• Exercise requirements: Transcribe each record precisely; images stay out.

Short descriptive text snippets:
---
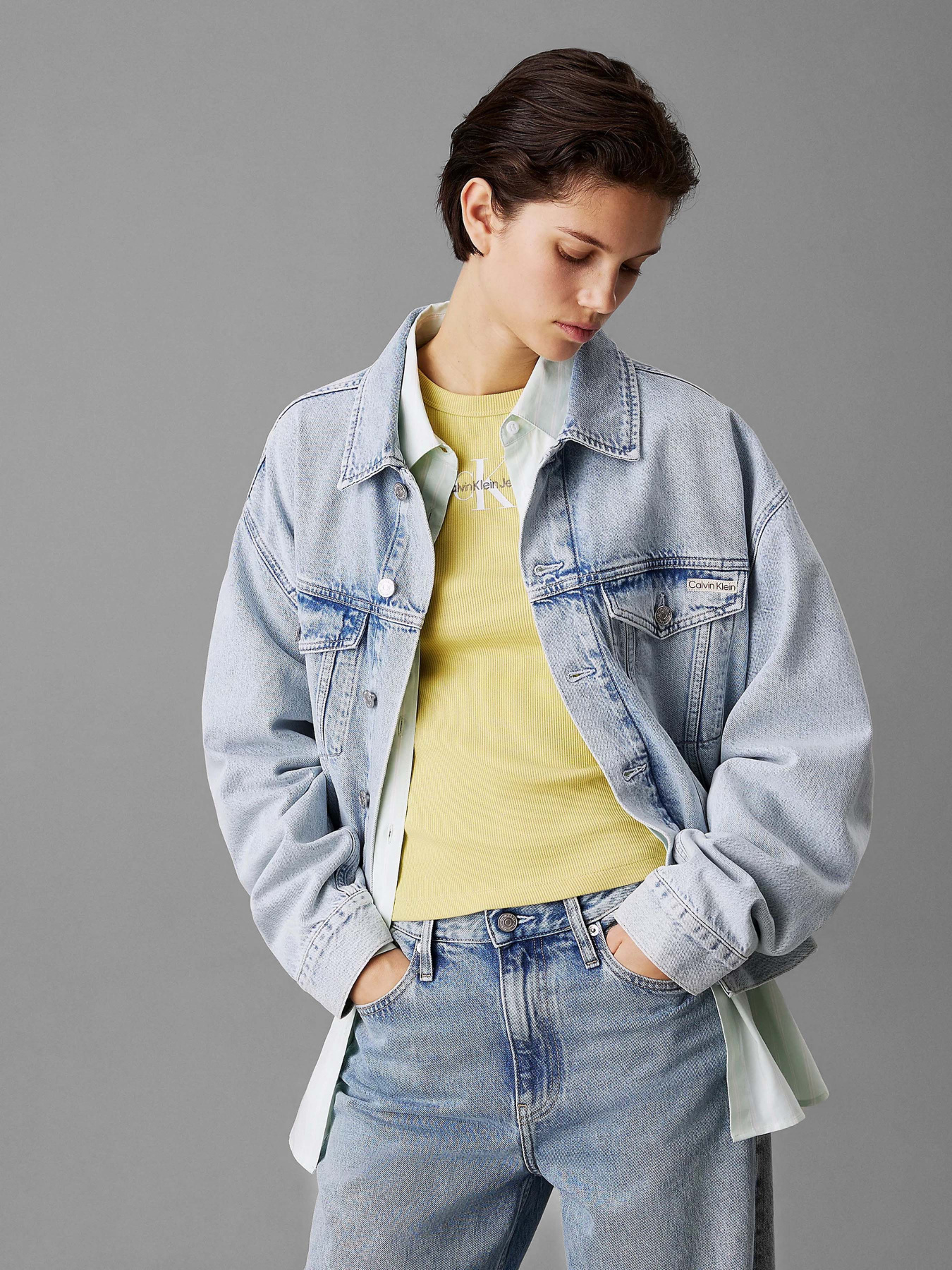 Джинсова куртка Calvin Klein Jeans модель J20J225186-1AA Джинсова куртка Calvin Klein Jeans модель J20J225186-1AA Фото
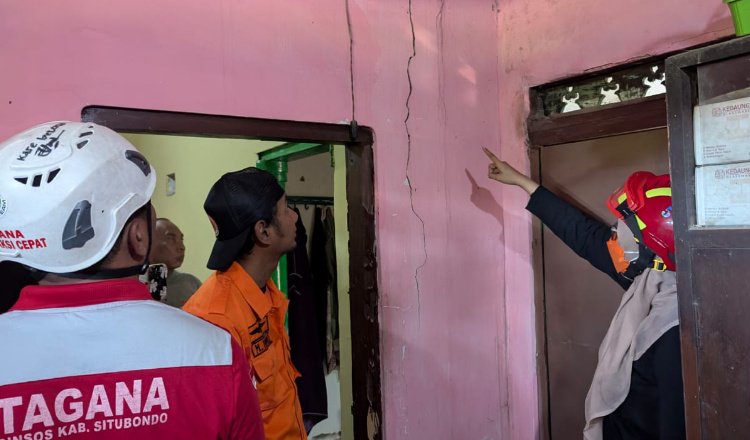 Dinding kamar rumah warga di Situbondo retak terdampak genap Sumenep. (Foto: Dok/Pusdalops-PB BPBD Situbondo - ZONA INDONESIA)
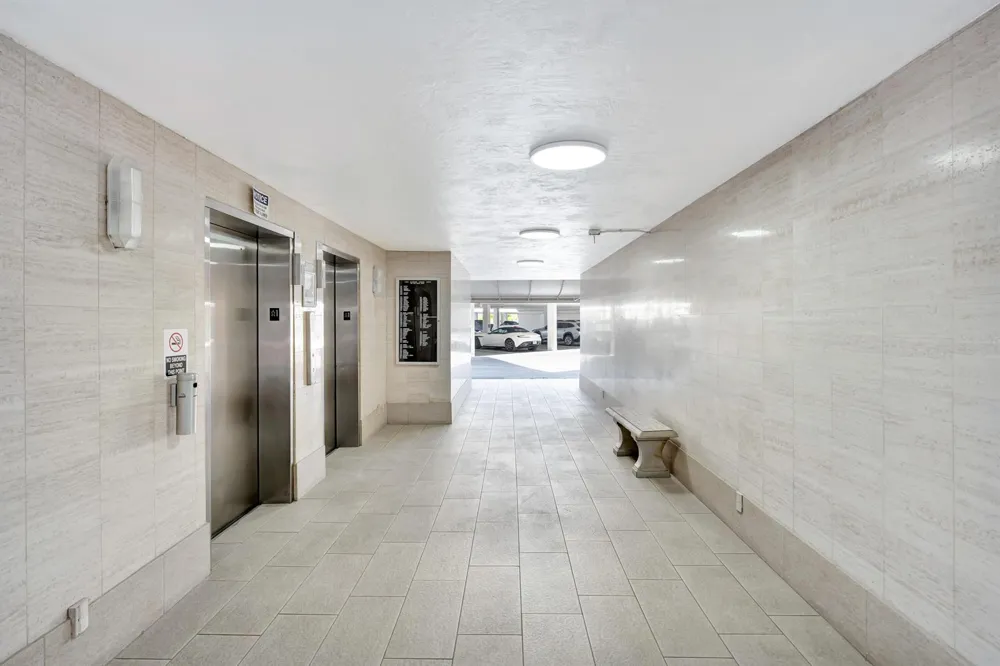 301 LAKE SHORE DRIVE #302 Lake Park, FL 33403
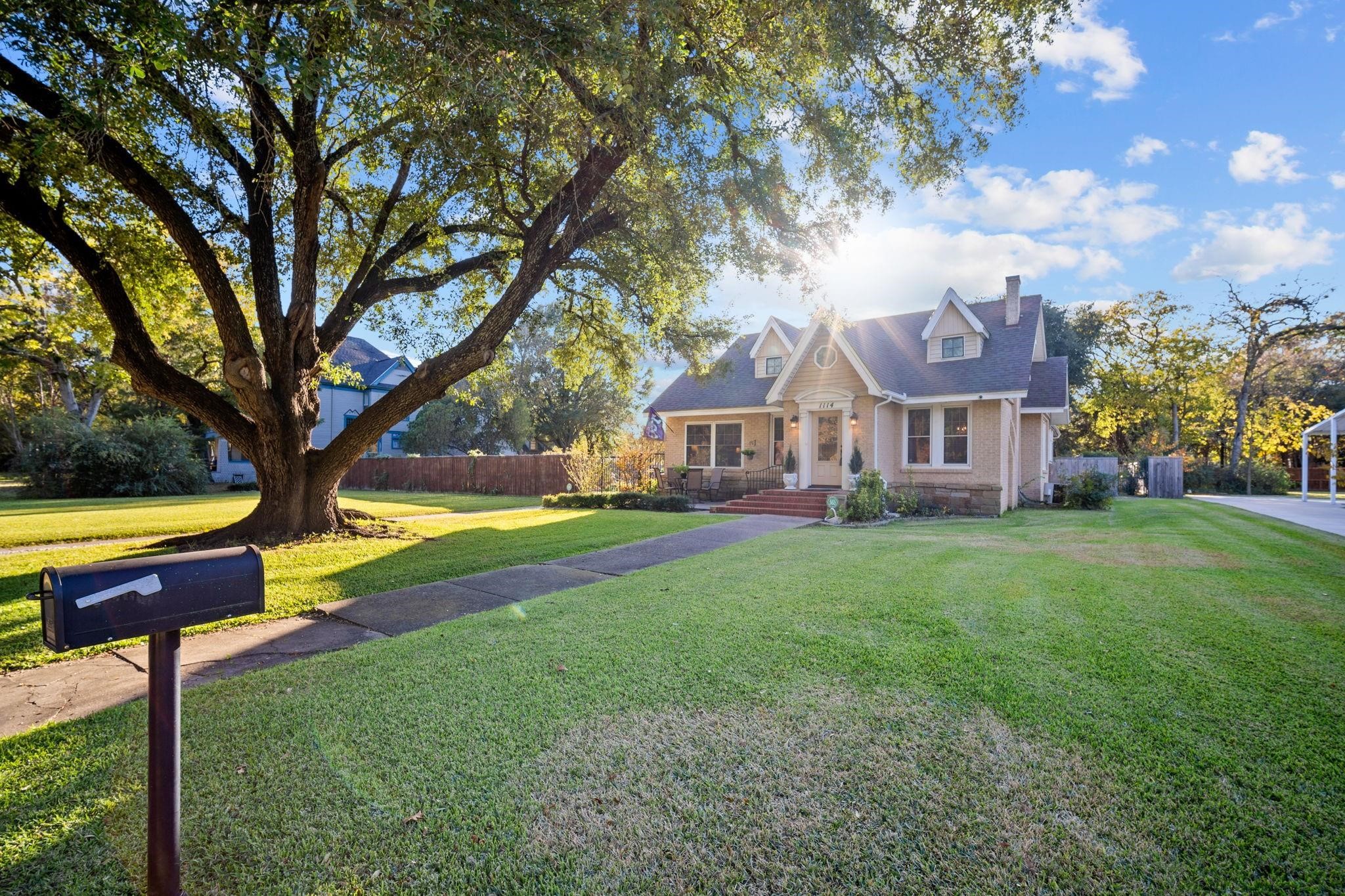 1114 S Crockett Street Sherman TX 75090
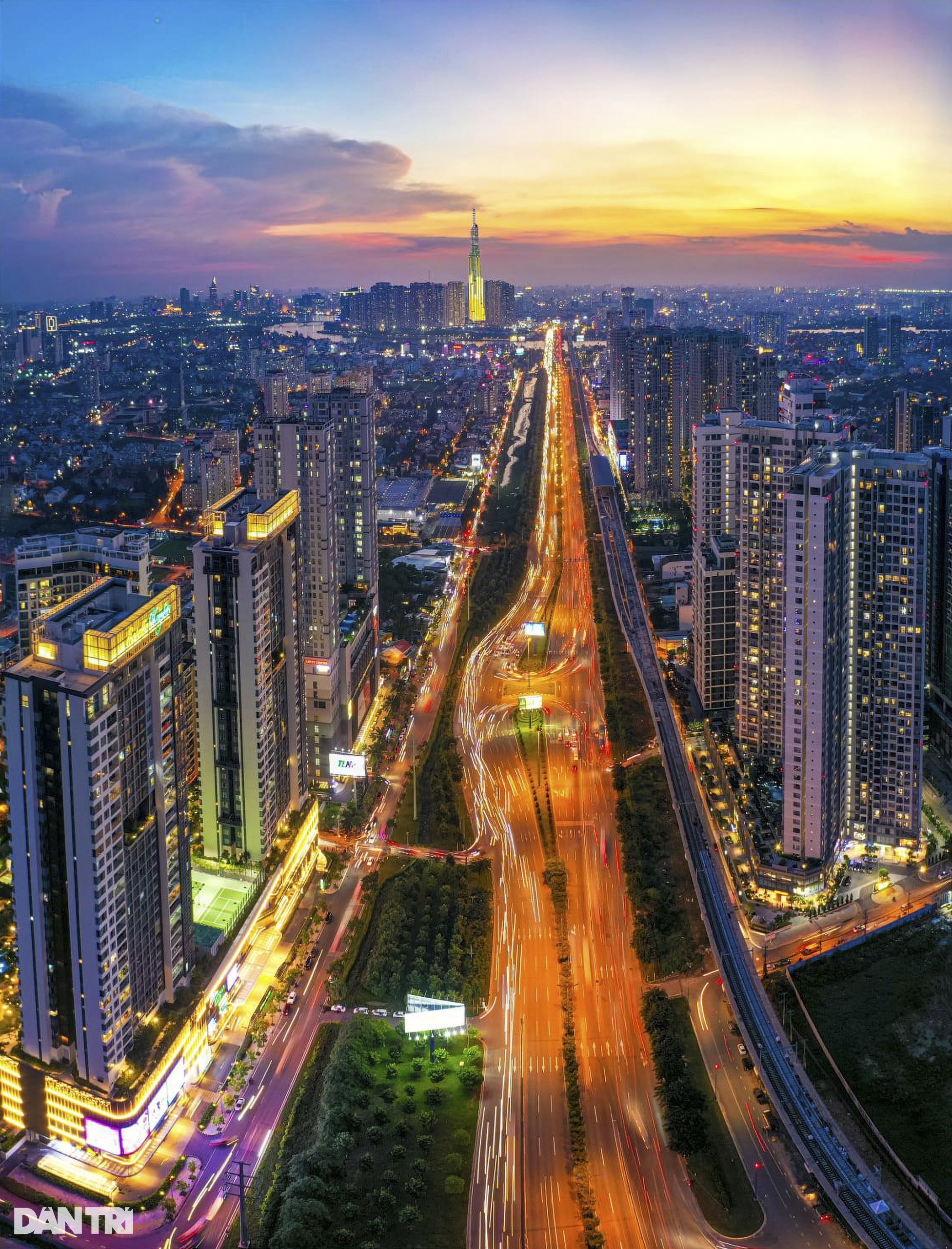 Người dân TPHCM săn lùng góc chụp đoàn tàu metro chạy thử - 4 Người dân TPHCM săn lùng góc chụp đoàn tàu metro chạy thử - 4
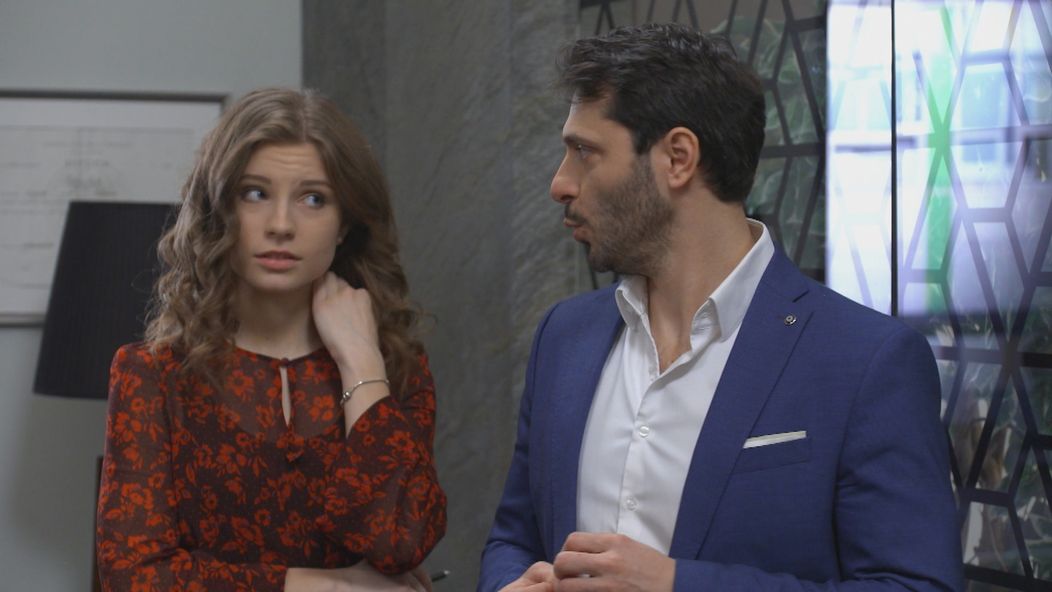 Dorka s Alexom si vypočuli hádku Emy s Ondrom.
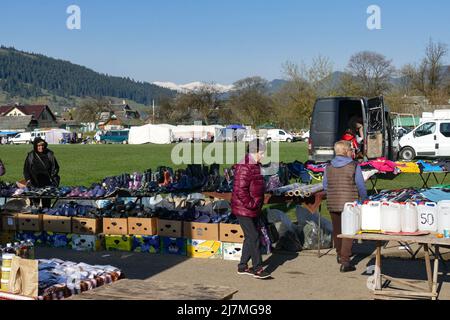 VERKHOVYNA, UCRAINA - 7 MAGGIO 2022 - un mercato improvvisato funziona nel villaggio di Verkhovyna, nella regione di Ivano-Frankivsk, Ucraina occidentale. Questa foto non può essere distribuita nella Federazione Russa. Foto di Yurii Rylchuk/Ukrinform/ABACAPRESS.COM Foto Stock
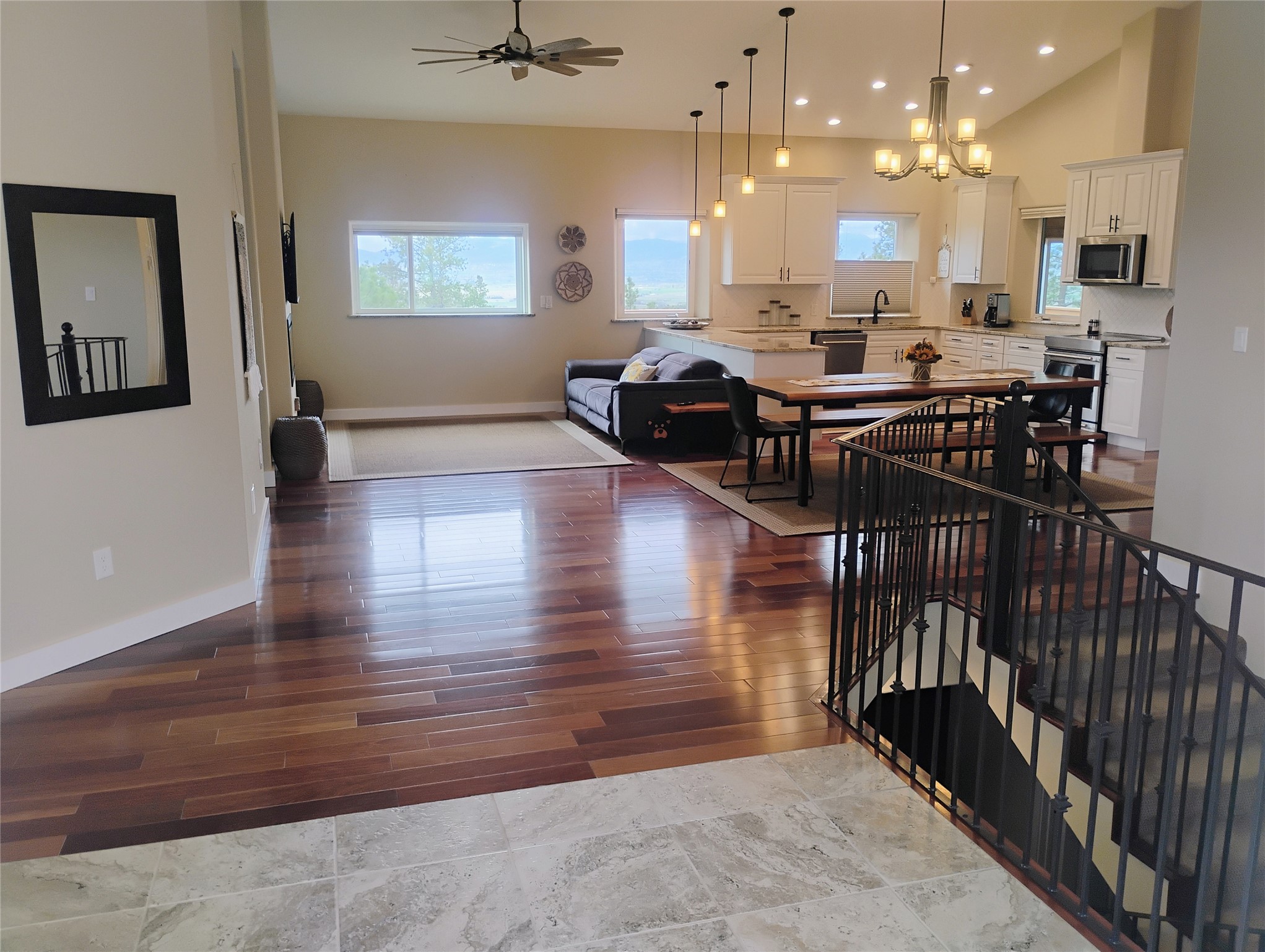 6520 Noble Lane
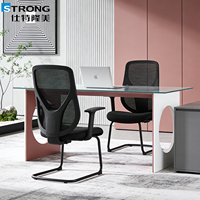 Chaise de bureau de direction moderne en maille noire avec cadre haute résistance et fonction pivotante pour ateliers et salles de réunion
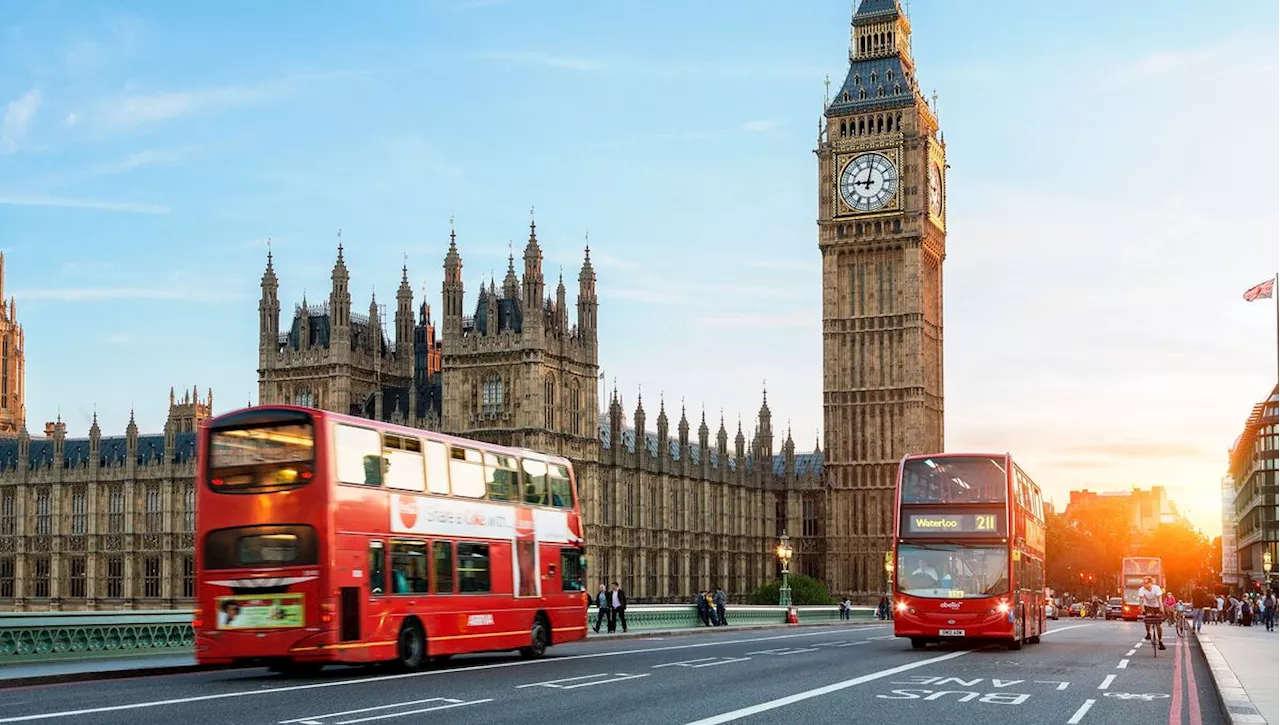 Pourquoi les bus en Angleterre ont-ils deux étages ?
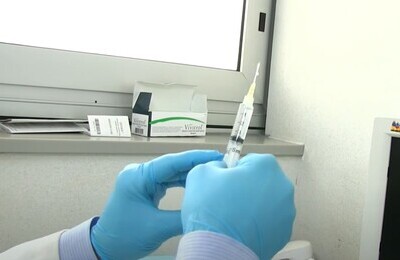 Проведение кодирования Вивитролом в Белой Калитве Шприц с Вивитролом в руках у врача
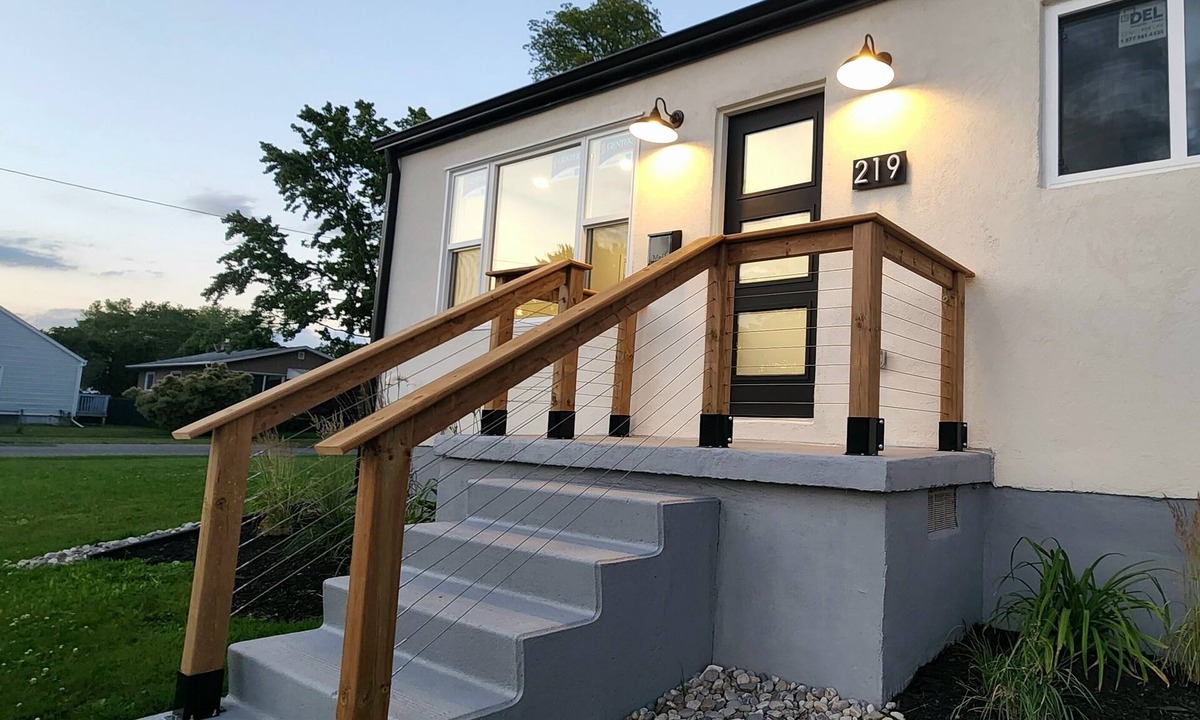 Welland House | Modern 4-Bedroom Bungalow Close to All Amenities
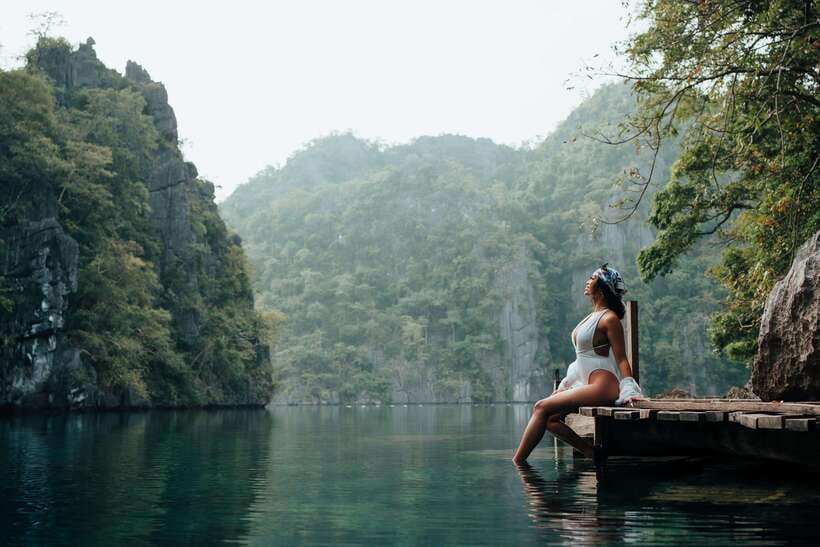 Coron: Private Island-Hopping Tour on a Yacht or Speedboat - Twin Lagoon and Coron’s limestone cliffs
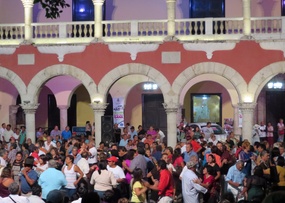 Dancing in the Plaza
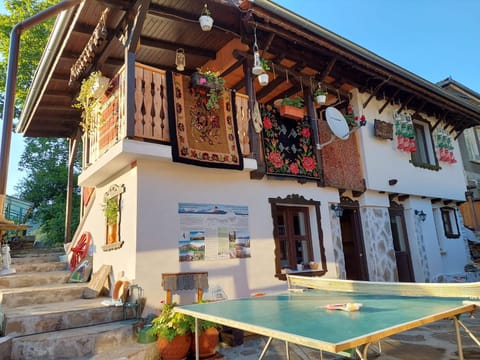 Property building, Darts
---
• Problem solution:
 Джинсова куртка Calvin Klein Jeans модель J20J225186-1AA Джинсова куртка Calvin Klein Jeans модель J20J225186-1AA Фото
 Dinding kamar rumah warga di Situbondo retak terdampak genap Sumenep. (Foto: Dok/Pusdalops-PB BPBD Situbondo - ZONA INDONESIA)
 301 LAKE SHORE DRIVE #302 Lake Park, FL 33403
 1114 S Crockett Street Sherman TX 75090
 Người dân TPHCM săn lùng góc chụp đoàn tàu metro chạy thử - 4 Người dân TPHCM săn lùng góc chụp đoàn tàu metro chạy thử - 4
 Dorka s Alexom si vypočuli hádku Emy s Ondrom.
 VERKHOVYNA, UCRAINA - 7 MAGGIO 2022 - un mercato improvvisato funziona nel villaggio di Verkhovyna, nella regione di Ivano-Frankivsk, Ucraina occidentale. Questa foto non può essere distribuita nella Federazione Russa. Foto di Yurii Rylchuk/Ukrinform/ABACAPRESS.COM Foto Stock
 6520 Noble Lane
 Chaise de bureau de direction moderne en maille noire avec cadre haute résistance et fonction pivotante pour ateliers et salles de réunion
 Pourquoi les bus en Angleterre ont-ils deux étages ?
 Проведение кодирования Вивитролом в Белой Калитве Шприц с Вивитролом в руках у врача
 Welland House | Modern 4-Bedroom Bungalow Close to All Amenities
 Coron: Private Island-Hopping Tour on a Yacht or Speedboat - Twin Lagoon and Coron’s limestone cliffs
 Dancing in the Plaza
 Property building, Darts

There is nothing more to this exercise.